> YOUR GOAL: Give back exactly the lines that start at the one containing "CIRCUS BY SAM EDELMAN Henna Bootie *New*" and run to the end of the material, leaving out the pictures.
───── SOURCE MATERIAL ─────
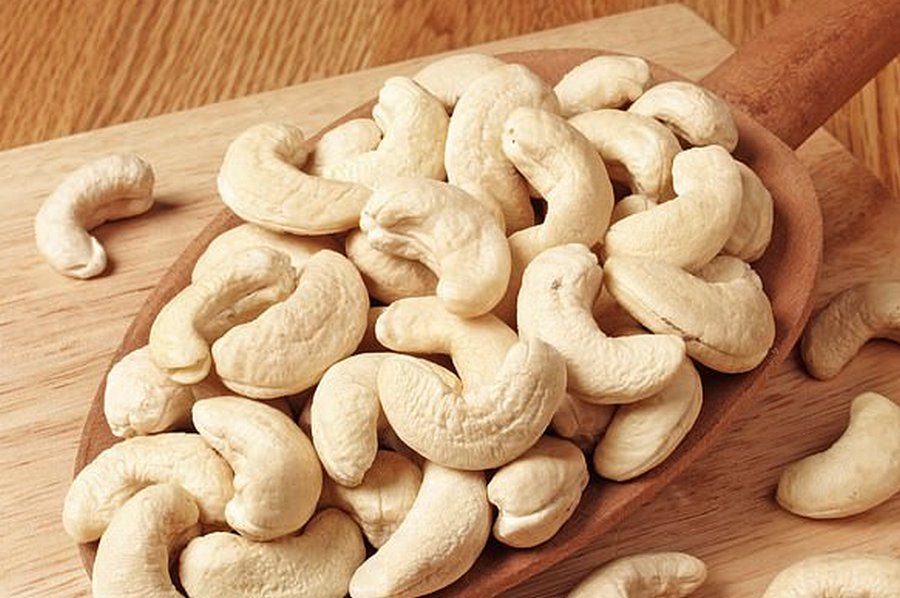 storing cashews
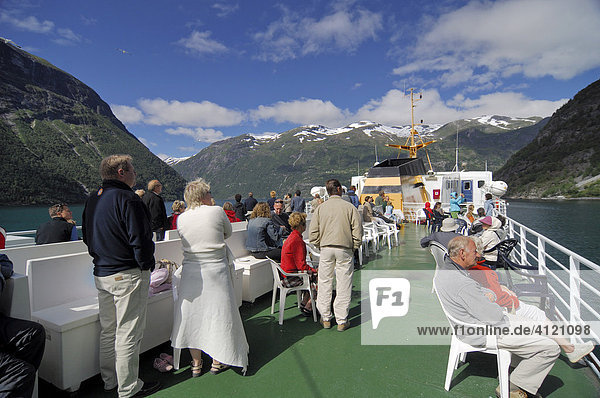 Sonnendeck auf einem Ausflugsboot im Geirangerfjord  Geiranger  Sogn og Fjordane  Norwegen  Skandinavien  Europa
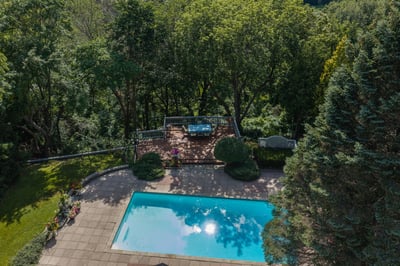 32 Arjay Crescent, Toronto, ON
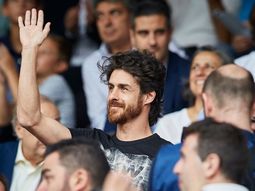 VIDEO: Pablo Aimar fue a ver al Valencia y fue ovacionado por todo el estadio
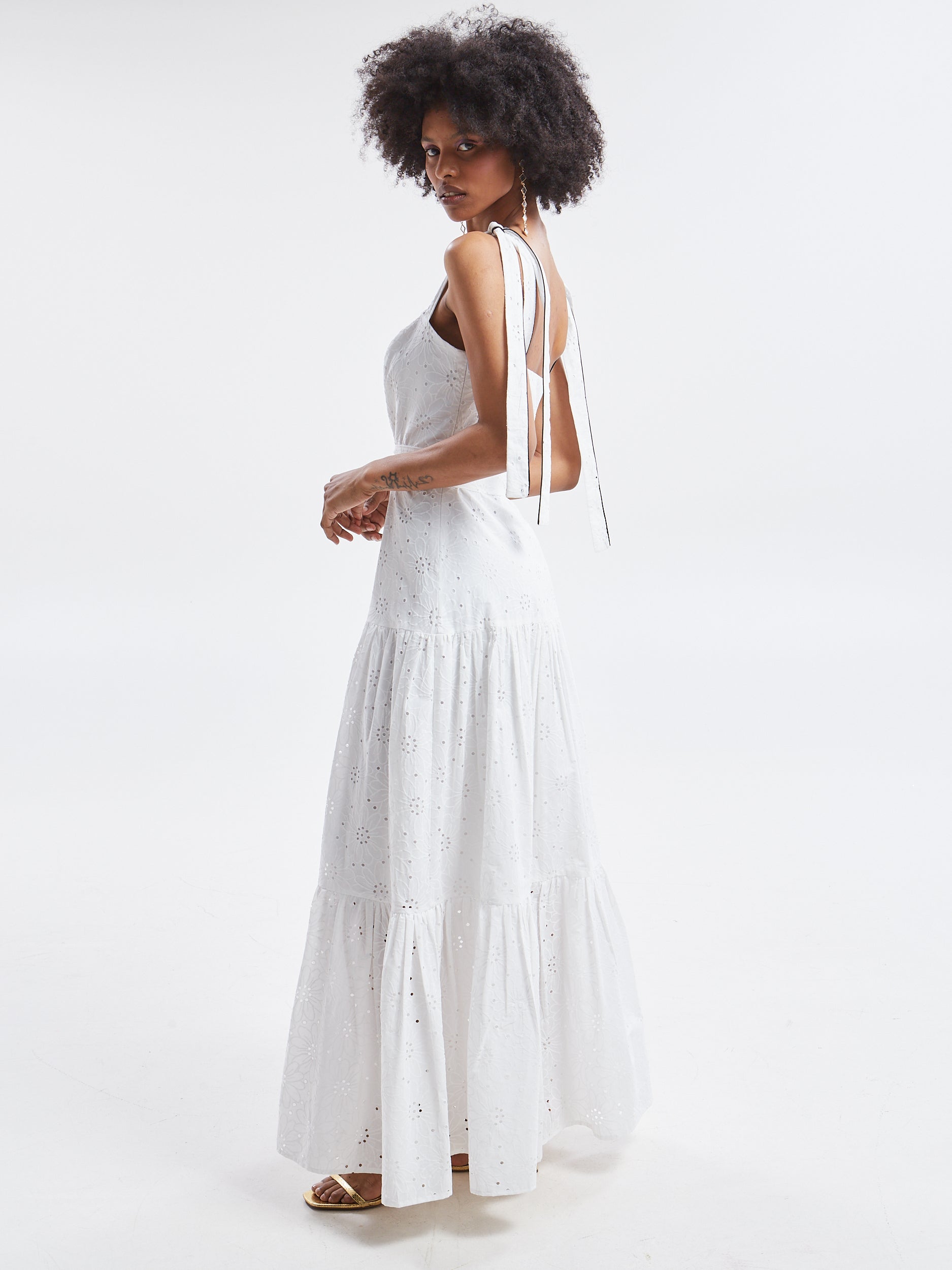 Aurelia broderie white dress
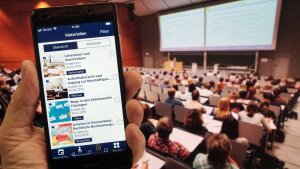 Smartphone im Hörsaal der Uni Jena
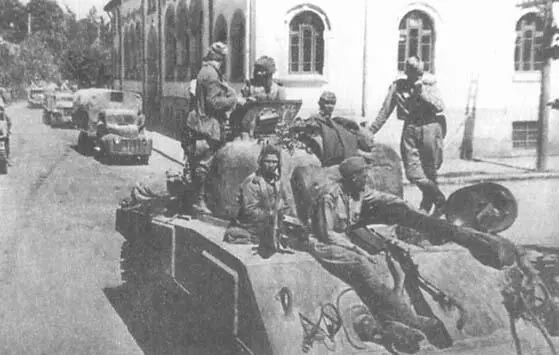 Танки Шерман 6й танковой армии в Румынии Август 1944 г Шерман из - фото 12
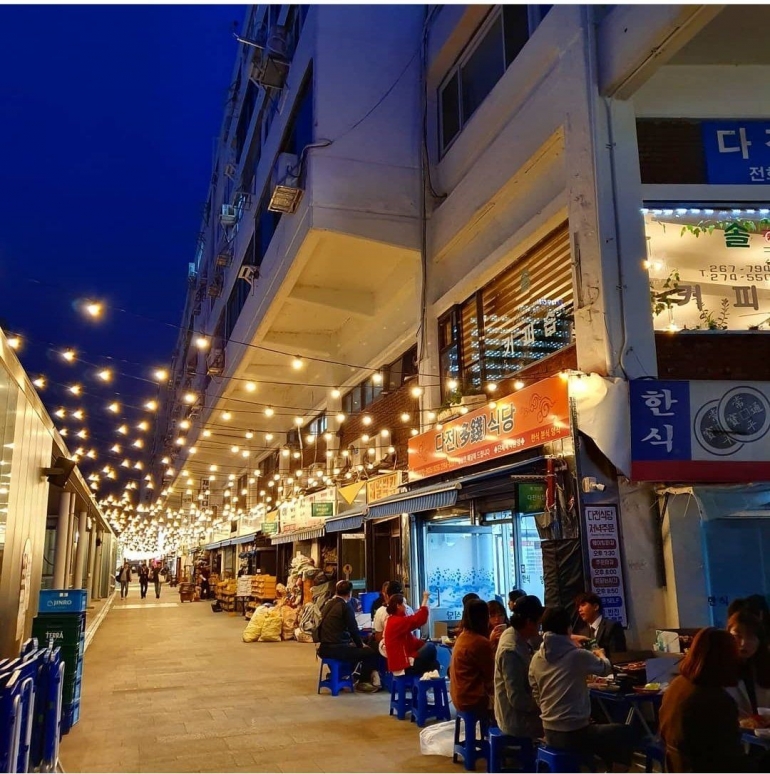 Restoran-restoran di sekitar Cheonggye Sewoon Plaza, credit to: IG @daisy_namnam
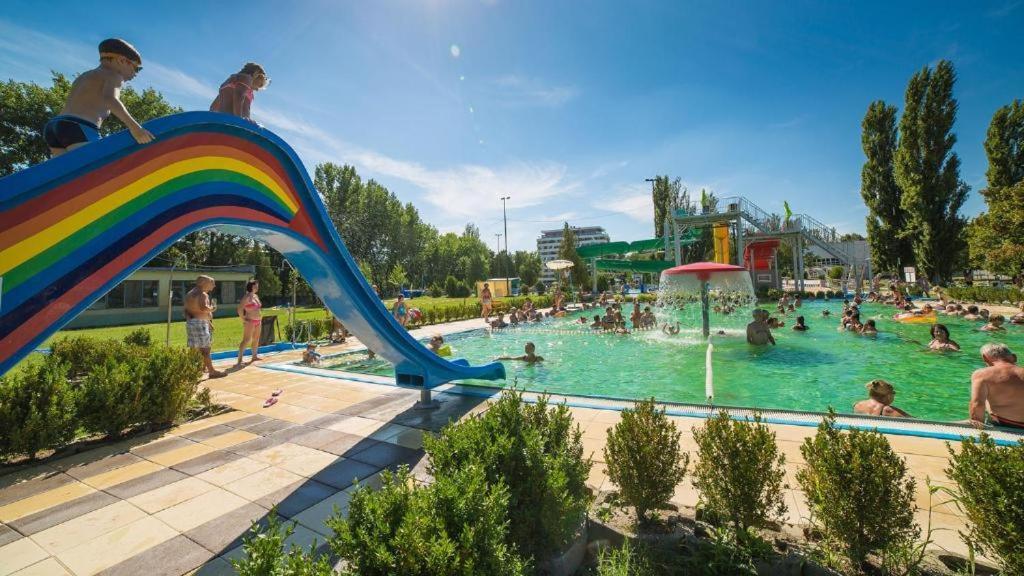 Apartman Anna Komárno Buitenkant foto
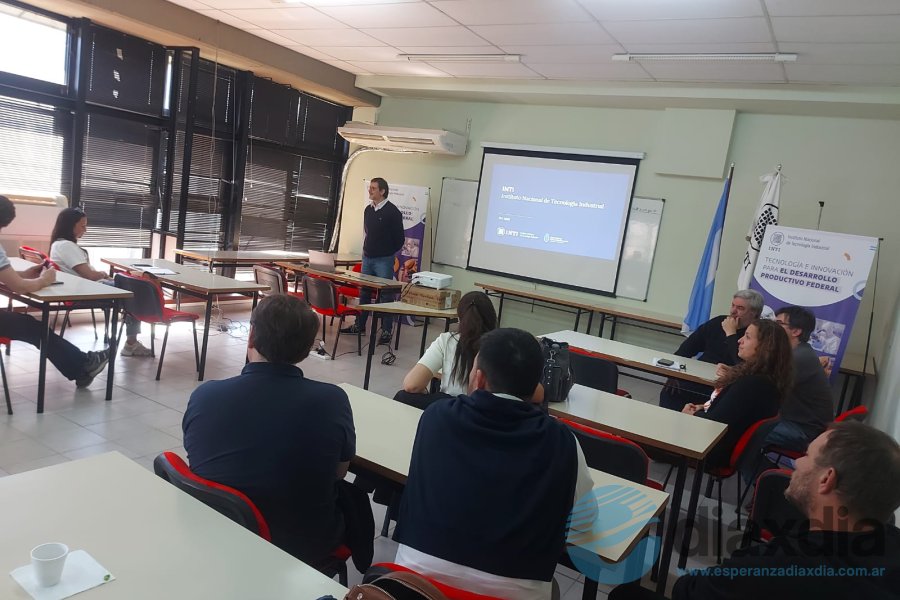 Capacitación a oficios estratégicos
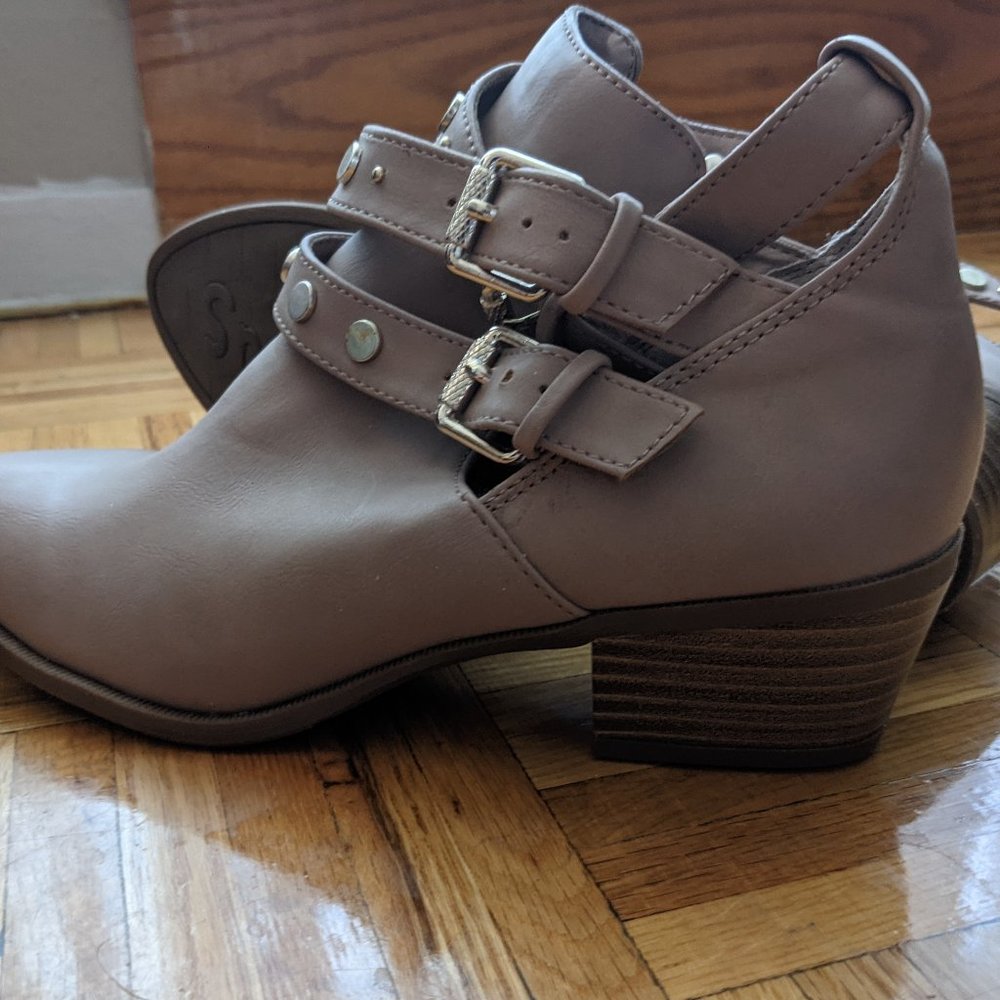 CIRCUS BY SAM EDELMAN Henna Bootie *New*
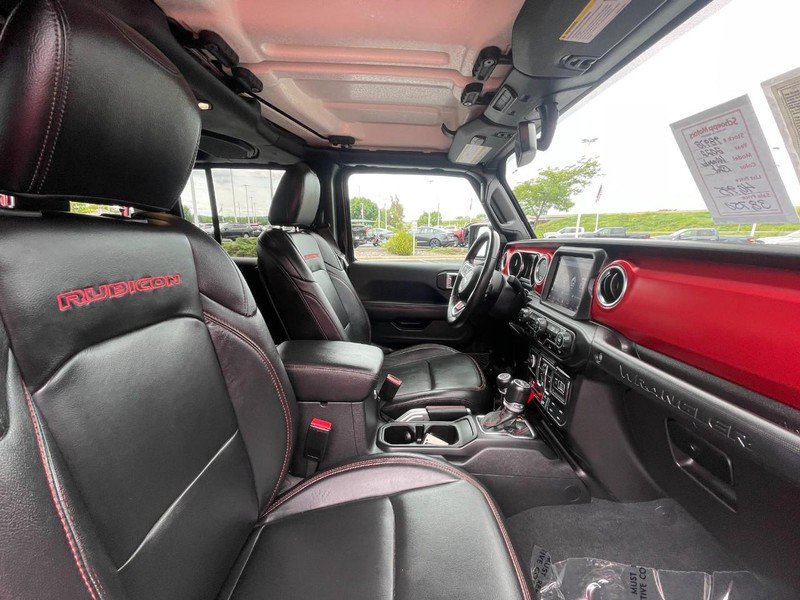 Used 2022 Jeep Wrangler Unlimited Rubicon w/ Cold Weather Group AWD/4WD image 8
─────
> RESULT OF THIS EXERCISE:
 CIRCUS BY SAM EDELMAN Henna Bootie *New*
 Used 2022 Jeep Wrangler Unlimited Rubicon w/ Cold Weather Group AWD/4WD image 8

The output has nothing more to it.